First Deputy Mayor Patricia E. Harris and Mayor Michael Bloomberg.
Meet the woman behind the mayor
By the numbers
10M More women voted than men in the 2008 election.
23.6 Percent of state executive offices filled by women in 2009, down from 27.6 a decade ago.
74 Percent who said they felt comfortable with a woman president, in a 2007 survey from the White House Project, down from 79 percent in 2005. Women have voted at a higher rate than men in every presidential election since 1980.
The most powerful woman in local politics is hardly known outside government circles and political junkies.
When Mike Bloomberg is away, First Deputy Mayor Patricia Harris makes sure trash is picked up and crime stays down.
Known around City Hall as the “Velvet Hammer” she’s the highest paid person in city government at $227,219. Bloomberg’s No. 2 advises him and manages his philanthropy.

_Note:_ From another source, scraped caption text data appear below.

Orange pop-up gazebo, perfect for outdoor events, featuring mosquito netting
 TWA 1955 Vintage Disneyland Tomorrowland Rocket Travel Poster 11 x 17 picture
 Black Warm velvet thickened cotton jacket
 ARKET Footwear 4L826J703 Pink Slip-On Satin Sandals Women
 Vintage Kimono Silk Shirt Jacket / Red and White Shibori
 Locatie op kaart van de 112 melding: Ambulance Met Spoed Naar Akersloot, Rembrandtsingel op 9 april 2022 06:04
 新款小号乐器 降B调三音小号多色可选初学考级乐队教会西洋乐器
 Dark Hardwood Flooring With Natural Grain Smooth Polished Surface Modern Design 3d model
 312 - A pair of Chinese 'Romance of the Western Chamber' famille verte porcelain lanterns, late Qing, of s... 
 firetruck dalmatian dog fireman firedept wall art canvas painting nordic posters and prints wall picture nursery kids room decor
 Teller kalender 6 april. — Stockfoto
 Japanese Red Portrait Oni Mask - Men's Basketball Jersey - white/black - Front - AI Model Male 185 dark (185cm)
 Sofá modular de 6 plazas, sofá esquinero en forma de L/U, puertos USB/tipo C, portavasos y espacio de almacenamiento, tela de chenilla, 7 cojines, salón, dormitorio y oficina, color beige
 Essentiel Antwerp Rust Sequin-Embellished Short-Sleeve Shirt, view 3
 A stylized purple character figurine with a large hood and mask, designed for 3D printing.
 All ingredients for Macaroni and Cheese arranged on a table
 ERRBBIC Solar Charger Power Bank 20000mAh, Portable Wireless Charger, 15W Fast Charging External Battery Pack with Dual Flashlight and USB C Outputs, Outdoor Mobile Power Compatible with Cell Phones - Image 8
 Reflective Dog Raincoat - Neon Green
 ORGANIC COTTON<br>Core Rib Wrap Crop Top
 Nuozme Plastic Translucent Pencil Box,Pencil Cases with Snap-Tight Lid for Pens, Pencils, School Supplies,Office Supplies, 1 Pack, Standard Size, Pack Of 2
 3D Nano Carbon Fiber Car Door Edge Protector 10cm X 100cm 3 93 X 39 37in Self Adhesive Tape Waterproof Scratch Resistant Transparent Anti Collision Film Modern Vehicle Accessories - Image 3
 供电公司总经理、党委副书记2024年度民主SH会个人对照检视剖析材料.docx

She even picked his burial plot, according to author Joyce Purnick’s “Michael Bloomberg: Money, Power, Politics.”
“She’s the most loyal and trusted confident of the richest man in New York, who happens to be mayor,” said Hank Sheinkopf, a political consultant who worked on Bloomberg’s reelection.
She took a break from City Hall to help her boss’s campaign, reportedly earning $28,000 a month.
Known for rarely giving interviews, she declined an interview for this article.
She wields power behind the scenes, but women are still noticeably absent from executive office, said Marie Wilson, president of the White House Project, which promotes women in leadership. “We aren’t far enough along,” she said. “But this is going to change.”
3 other women
1 Maureen White: Former National Finance Chair for the Democratic
Party. “She has the ability to sway tons of donors,” said Marie Wilson,
of the White House Project.
2 Kathryn Wylde: As president and CEO of the Partnership for New
York City, Wylde is the public face of the city’s top businesses, often
voicing their needs directly with the mayor, governor, Albany and in
D.C. She helps get things done, Wilson said.
3 Jennifer Cunningham: A lobbyist, and former political director for
the state’s largest health care union, 1199 Service Employees
International Union. She managed Attorney General Andrew Cuomo’s 2006
campaign. One political consultant said Cunningham “could make or break
a candidate,” and she has often been called the most powerful unelected
woman in politics, according to Crain’s New York Business.